Aim of the exercise:
Pull out every line from the listing that has the word "Adjustable".
*** Data ***
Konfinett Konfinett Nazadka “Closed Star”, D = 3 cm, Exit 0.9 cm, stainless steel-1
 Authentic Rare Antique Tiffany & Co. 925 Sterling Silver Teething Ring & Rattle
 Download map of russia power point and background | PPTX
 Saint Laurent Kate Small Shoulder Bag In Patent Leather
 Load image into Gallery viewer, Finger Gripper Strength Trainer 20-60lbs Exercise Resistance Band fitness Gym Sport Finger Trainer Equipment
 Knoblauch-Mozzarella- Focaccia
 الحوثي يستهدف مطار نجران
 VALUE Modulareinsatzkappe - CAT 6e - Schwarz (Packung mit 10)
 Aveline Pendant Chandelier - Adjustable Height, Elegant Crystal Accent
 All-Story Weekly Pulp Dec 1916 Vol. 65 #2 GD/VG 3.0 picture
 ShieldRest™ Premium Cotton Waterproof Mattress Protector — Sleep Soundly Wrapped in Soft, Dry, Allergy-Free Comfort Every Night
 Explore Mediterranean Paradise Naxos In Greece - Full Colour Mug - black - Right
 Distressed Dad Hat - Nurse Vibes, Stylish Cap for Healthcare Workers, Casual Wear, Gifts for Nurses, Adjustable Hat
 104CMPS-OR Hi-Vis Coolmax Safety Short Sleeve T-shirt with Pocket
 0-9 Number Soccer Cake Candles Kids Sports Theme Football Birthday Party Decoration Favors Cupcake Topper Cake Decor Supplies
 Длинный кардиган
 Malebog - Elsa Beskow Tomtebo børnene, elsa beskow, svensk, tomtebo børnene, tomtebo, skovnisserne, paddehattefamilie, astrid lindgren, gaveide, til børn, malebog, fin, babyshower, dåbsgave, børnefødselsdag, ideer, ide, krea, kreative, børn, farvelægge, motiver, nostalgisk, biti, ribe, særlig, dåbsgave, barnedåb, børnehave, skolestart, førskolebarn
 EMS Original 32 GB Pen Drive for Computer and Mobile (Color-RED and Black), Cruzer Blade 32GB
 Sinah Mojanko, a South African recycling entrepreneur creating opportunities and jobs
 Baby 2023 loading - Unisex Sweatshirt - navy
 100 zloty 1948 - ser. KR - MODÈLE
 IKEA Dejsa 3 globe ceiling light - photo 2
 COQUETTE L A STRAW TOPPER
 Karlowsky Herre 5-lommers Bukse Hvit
*** End of Data ***
Solution for this problem:
 Aveline Pendant Chandelier - Adjustable Height, Elegant Crystal Accent
 Distressed Dad Hat - Nurse Vibes, Stylish Cap for Healthcare Workers, Casual Wear, Gifts for Nurses, Adjustable Hat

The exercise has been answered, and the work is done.